Richard Prince’s latest exhibit at Gagosian all started with the “dead” heads, drawn with a Bic pen in 1972. Prince drew these works from the heart, inspired with a “virtuoso real.” When asked about these formerly-made drawings, Prince states, “They were probably the first things I did that ever had any soul.”
The exhibit, entitled Richard Prince: High Times, exposes the viewer to appropriation art, a genre of art underscoring the importance of originality. The paintings exhibit what seems like an untrained hand and action painting, where a viewer can see how an artist applies medium to the work. Each work shows factors of child-like drawings, evoking a sense of the past as well as Prince’s playfulness.

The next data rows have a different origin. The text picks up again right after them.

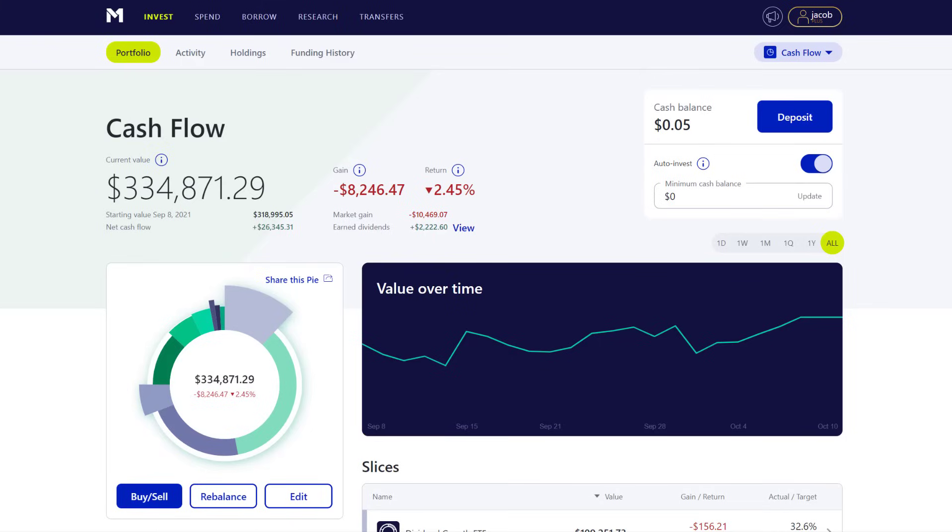My name is Jake. Welcome to the channel. In today's video, I'm going to share how to invest with a Roth IRA for a long-term time horizon.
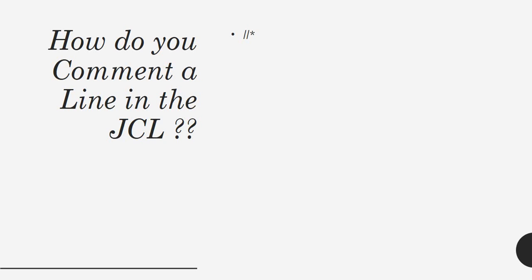Next, how do you comment a line in JCL? This is another quick question that can be asked. It's very simple. So this is how you code it - if you write a star after the two forward slash symbols, then you can make a comment.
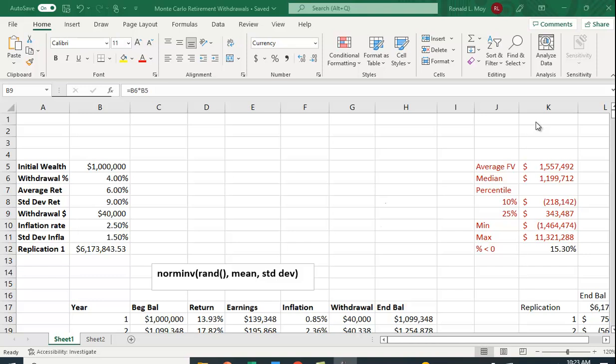What we're going to do is construct a Monte Carlo simulation where we randomly determine interest rates and inflation rates to see how things work out. For example, suppose you start with a million dollars when you retire and withdraw four percent each year, adjusting by the inflation rate.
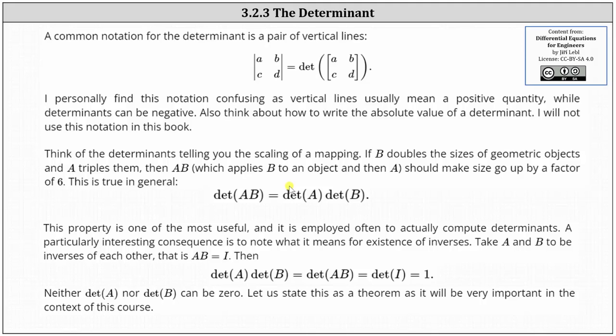Thinking of determinants as scaling of a mapping: if B doubles the size of geometric objects and A triples them, then A times B should make the size go up by a factor of 2 times 3, or 6 — which is true. From this we can state that the determinant of the product of A and B equals the determinant of A times the determinant of B. This property is one of the most useful and is employed often to actually compute determinants.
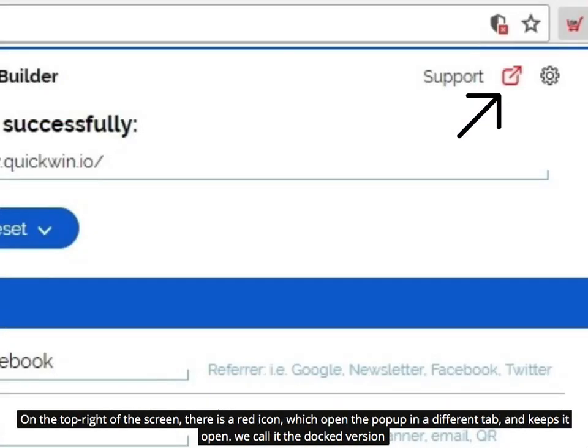On the top right of the screen, there is a red icon which opens the pop-up in a different tab and keeps it open. We call it the docked version.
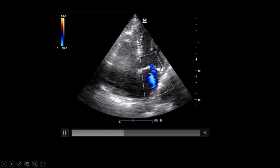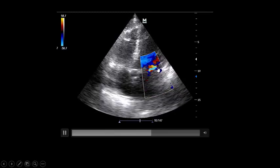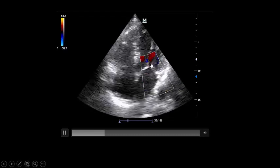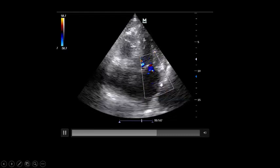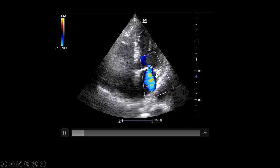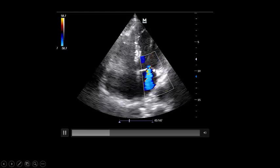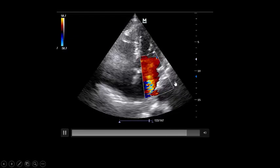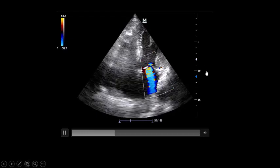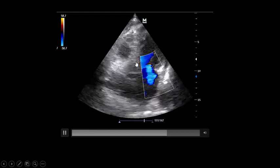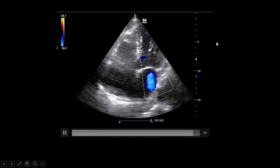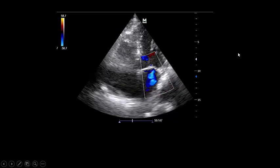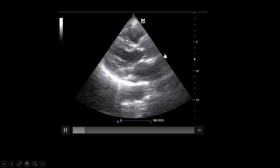Now with color Doppler on the mitral valve, you are seeing moderate mitral regurgitation. The direction of the mitral regurgitation jet is towards the posterior leaflet, which means you are talking about ischemic pathology. The ejection fraction on visual assessment is approximately 50%.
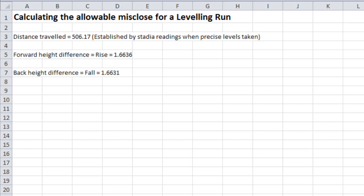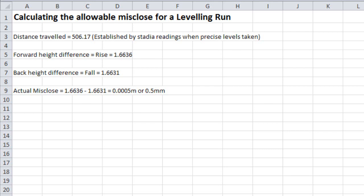The back height difference, or the sum of the falls, in this case is 1.6631. This enables us to determine the actual misclose by taking 1.6636 and subtracting from it 1.6631 to get 0.0005 meters, or 0.5 of a millimeter in this instance.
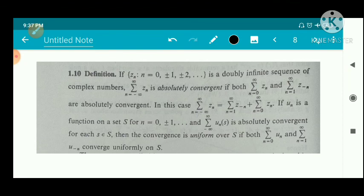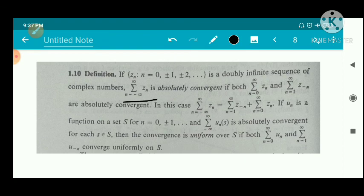If z sub n, for n equal to 0, plus or minus 1, plus or minus 2, etc. — that is, integers — is a doubly infinite sequence of complex numbers, where n tends to plus infinity and minus infinity, then the series sigma from n equal to minus infinity to infinity of z sub n is absolutely convergent if both sigma from n equal to 0 to infinity of z sub n and sigma from n equal to 1 to infinity of z sub negative n are convergent.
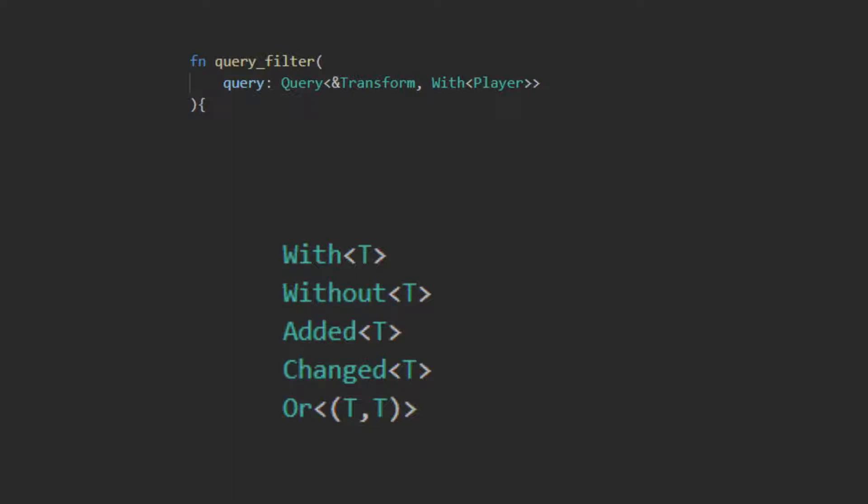Added will filter out any object that did not have that specified component added to it since the last time this system was run. Changed is the same as added, but is simply that the component has been flagged as changed since the last time this query was required. The or filter is used in conjunction with the other filters to create a compound filter. This is done by putting any of the other parameters inside the or parentheses. This can be chained with up to 16 other filters. To do an and, this is done by simply wrapping multiple filters in a tuple inside the parameter of the query or sub-filter of the or.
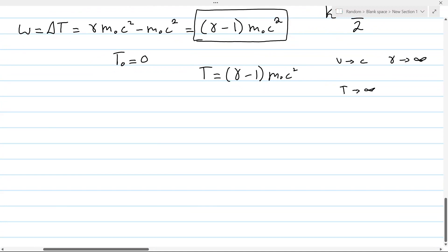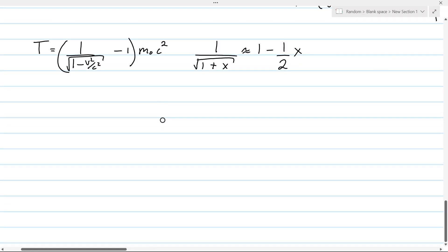In the limit of slow velocity, we can recover the familiar kinetic energy. To recover the classic equation for kinetic energy, we use a Taylor approximation.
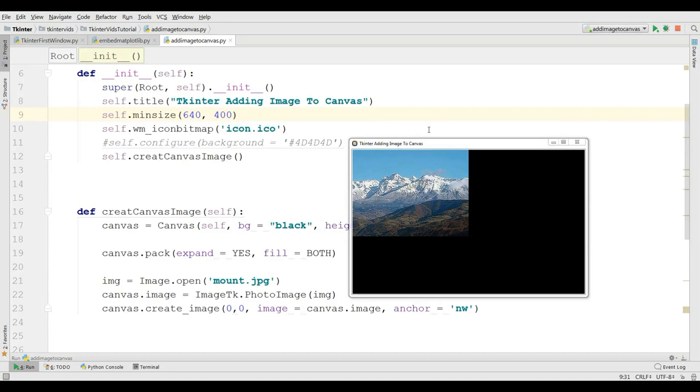Hello friends, I am Parvez and this is our 21st video in Python Tkinter application development. In the previous video, we have learned how you can add image to your canvas. In this video, I am going to show you how you can embed matplotlib graphs in Tkinter.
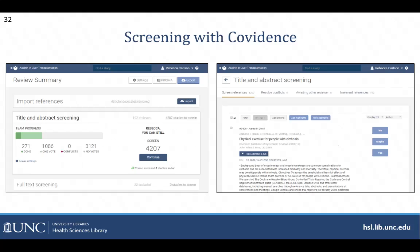Here's an example of what screening looks like in Covidence. On the left is the review dashboard showing how much of the title and abstract screening process has been completed. I can click continue to go in and screen articles. The screening page on the right shows what it looks like when you're screening through titles and abstracts. The full text process looks similar, except you'll have a link to access the full text instead of just the abstract.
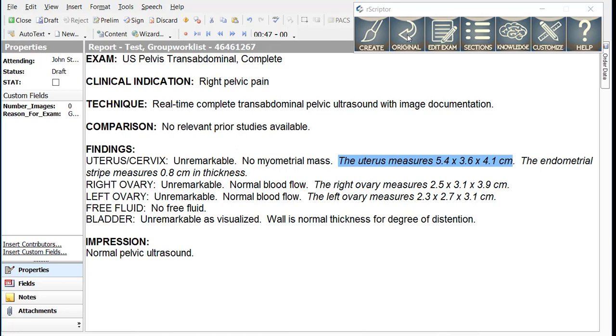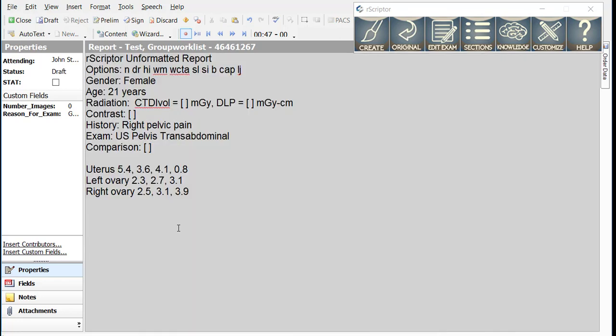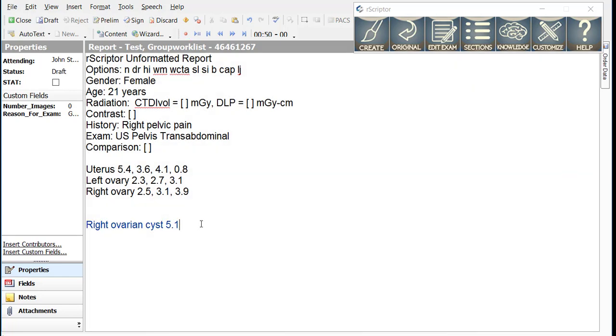Now let's add an abnormal finding. Right ovarian cyst 5.1. So this is the smart macro for an ovarian cyst, a simple ovarian cyst. So we give the side and then we give the dimensions in centimeters. We could give three dimensions if we wish, but I'm just going to give one in this case.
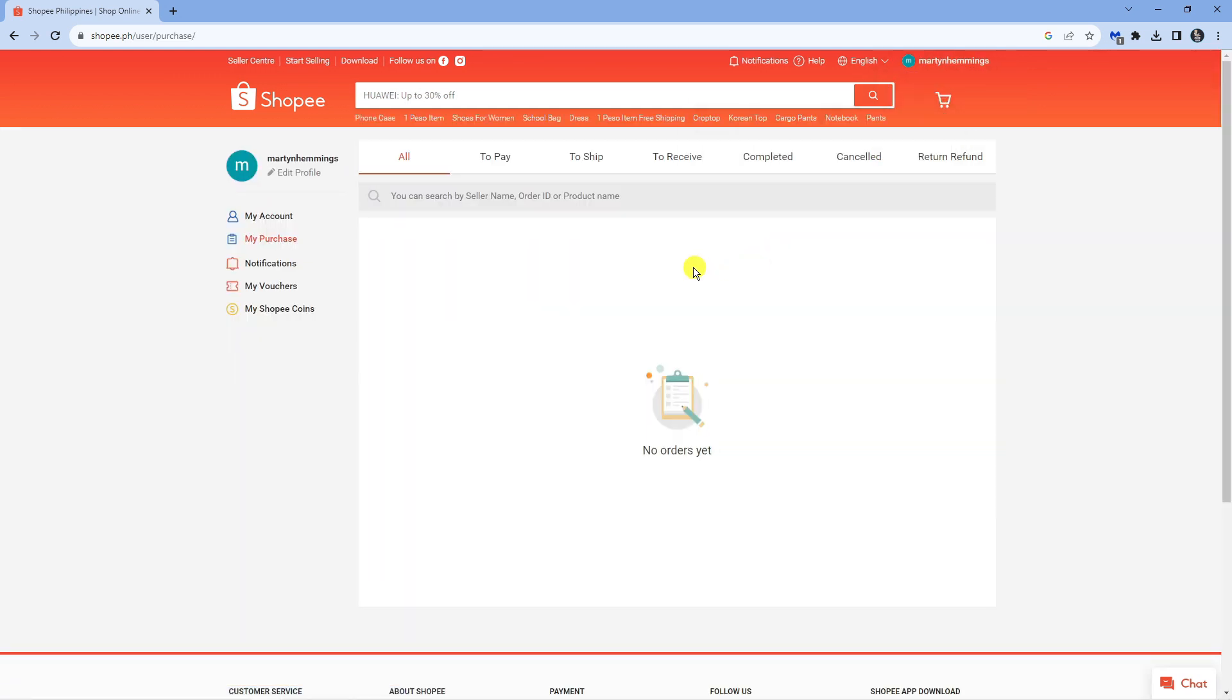At the moment this is quite a new account so I've not made any purchases. However, any purchases you've made will appear down here. If you want to delete any of these transactions, you can simply click - there'll be an option next to each transaction - and you can click onto that and have the option to delete that from your transaction history.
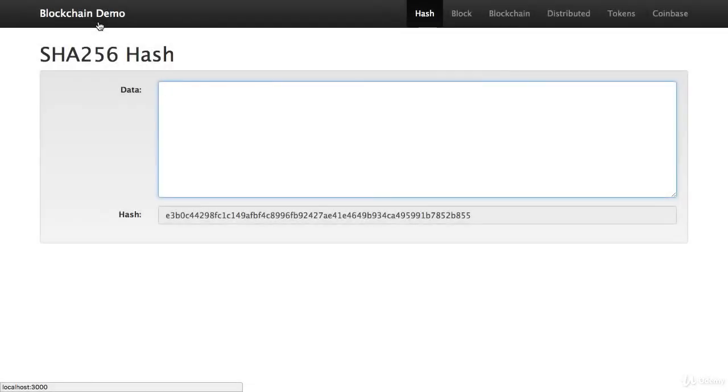This is a blockchain demo. We're going to do this in a very visual way, though. We're going to make it very easy to understand by stepping through the key pieces of what a blockchain is in a visual way.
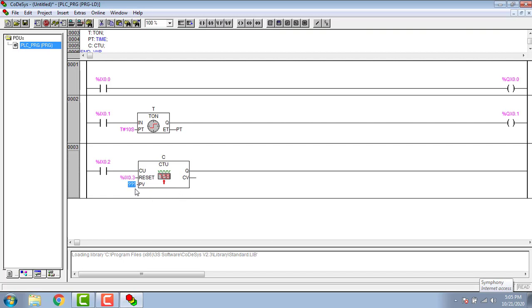Then give the preset count. Show the count value in an integer type address. I gave it as CV.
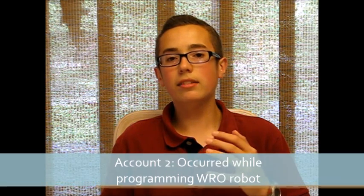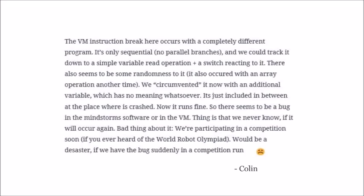I heard another account of a person who encountered this problem and they commented on my website. They said: 'The VM instruction break error occurs with a completely different program. It's only sequential, no parallel branches, and we could track it down to a simple variable read operation and a switch reacting to it. There also seems to be some randomness to it. It also occurred with an array operation another time. We circumvented it now with an additional variable which has no meaning whatsoever — it's just included in between at the place where it crashed. Now it runs fine. So there seems to be a bug in the MindStorms software or in the VM.'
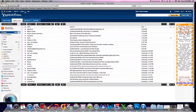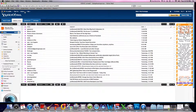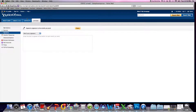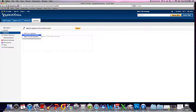Click on Options, then Mail Options. Click on the tab that says Signature and change from 'Don't use a signature' to either a plain text signature or a rich text signature. Let's use a plain text signature.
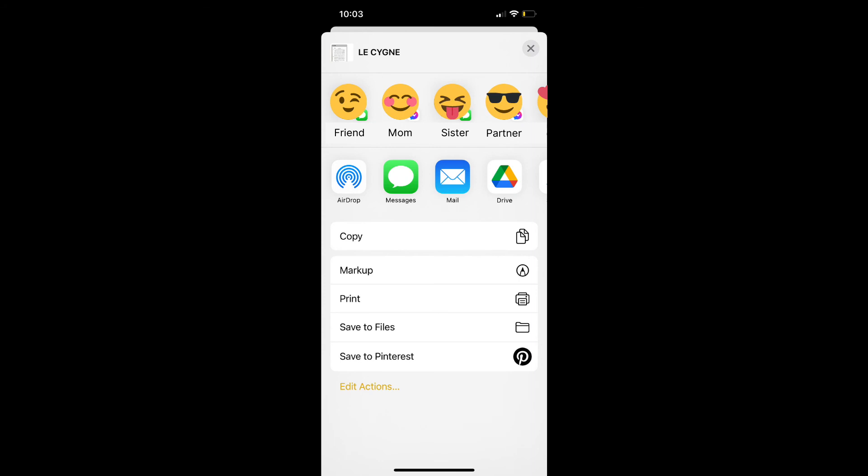You can also send it in a message, in an email, or upload it to your Google Drive. You can also see below you can just save it to your files if you'd like to do that too.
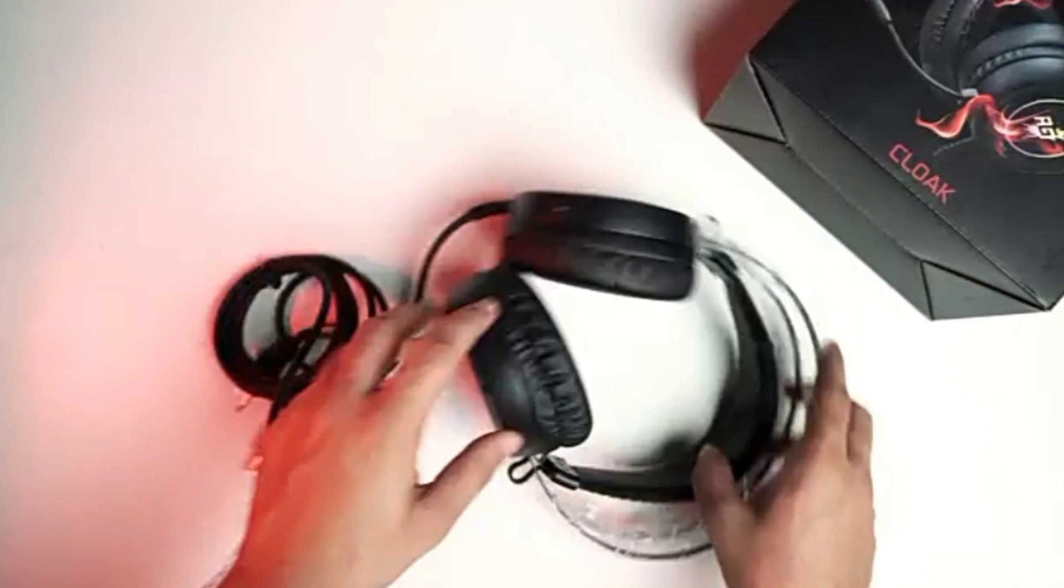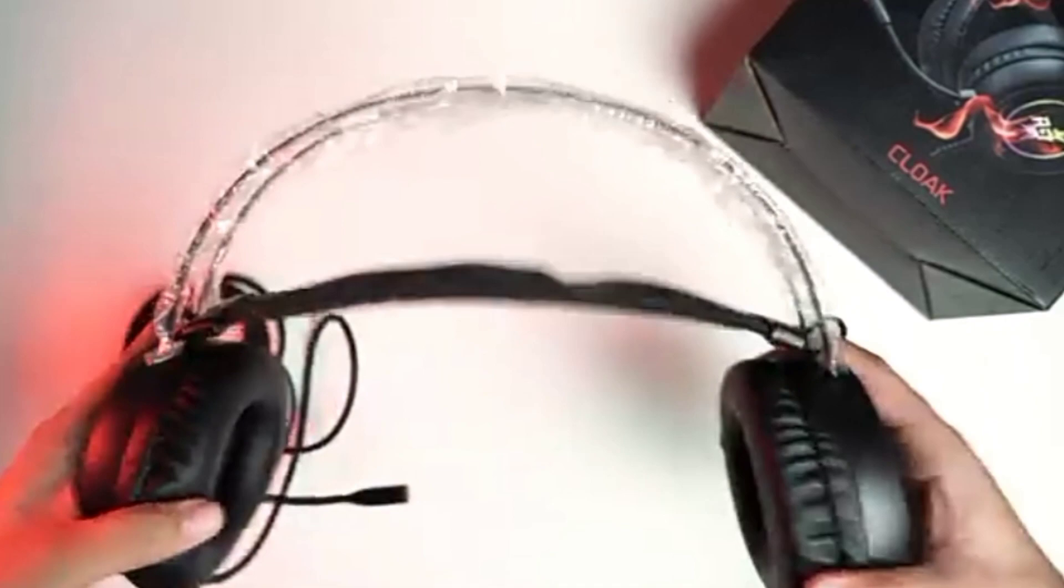The adjustable split headband along with the luxurious noise isolating memory foam earpads reduce pressure and provide optimal comfort for long gaming sessions.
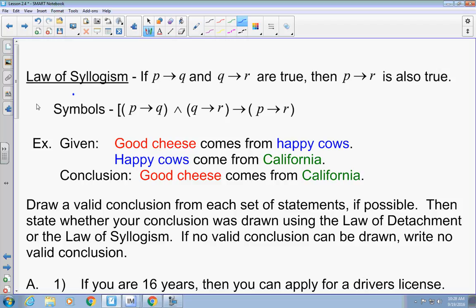I remember this from a commercial: good cheese comes from happy cows; happy cows come from California; therefore good cheese comes from California. So this is my if-P and Q. Then I repeat Q as the hypothesis with a third thing R. Then I put the first thing P with the last thing R. That's called the law of syllogism.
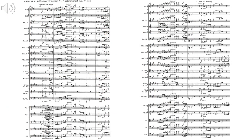In a fortissimo tutti texture, the most important thing is that all the instruments are playing in their ideal registers, as we see in this passage. Let's listen to it once again.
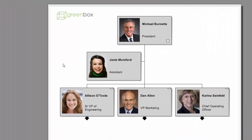Smart fields give you the flexibility to display text or images in a field only when the specified criteria has been met in your data source. Smart fields apply conditions to a single field rather than the entire chart box layout.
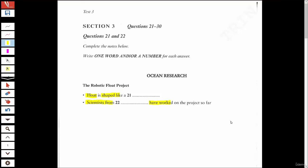Hi there and thank you so much for taking this course. We're now going to go ahead and get into another analysis of Section 3 of the IELTS listening exam. This one is coming from Book 7, Test 3, Section 3.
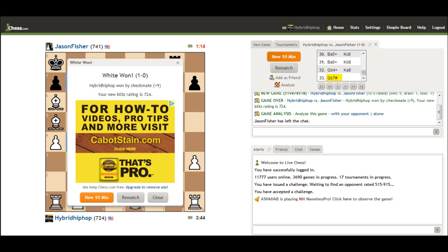This is Billy. Low rated chess for the win. Please subscribe, thank you for watching the video. Tell me what you think in the comment section. Have a good day.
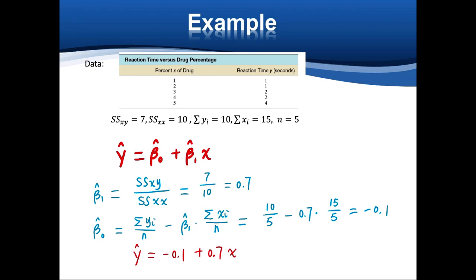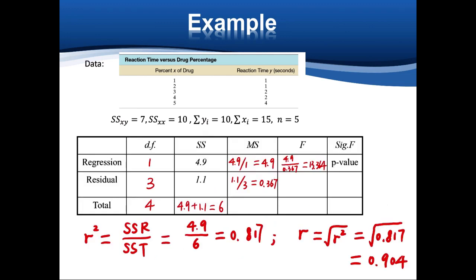So the equation is Y equals negative 0.1 plus 0.7 times X. This is an increasing relationship because the slope 0.7 is positive. Using this equation, we can also fill out the ANOVA table for this simple linear regression.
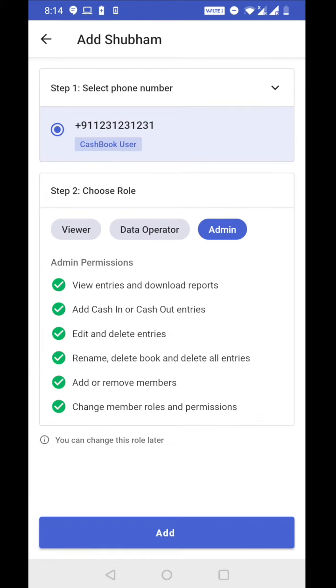And the third role, admin, has all the rights. Admin can remove or add new members to the book, edit or delete any data from the book, and also change the existing role of any member of the book.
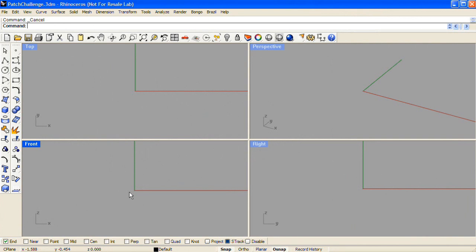To model a Y-branch surface, start by drawing profiles that you'll use with Sweep 1 Rail.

Each figure drawn resembles a type of doodle, making the works sound more trivial than they actually are. In fact, each work was executed with mixed-media and his ideals of authenticity and enjoyment. Every installation calls on Prince’s youth and returning back to an artistic method he abandoned when appropriating Instagram posts in a past, rather controversial exhibition.
The title of the exhibit, High Times, stems from his early Hippie Drawings, which were based on what he thought hippies represented. Drawn with the trivial medium that is Crayola, Prince featured hippie forms on paper, again evoking a type of child-like drawing.
Surrounding the drawings are installations rather large in scale. With the anatomy emphasized with bold, brash use of color and stark outlines, each figure in Prince’s works do not only focus on natural anatomy, but how one’s figure can be distorted and understood according to the viewer’s own eye. Each viewer is challenged visually and each work is open to any type of interpretation.
Using this exhibit as a way to return to his intuitive, artistic inspiration, Prince states how, “It was time. It was time to go back, remind…circle back to the ‘dead’ heads and do something I was born to do.”
Richard Prince: High Times is on view at Gagosian through December 15.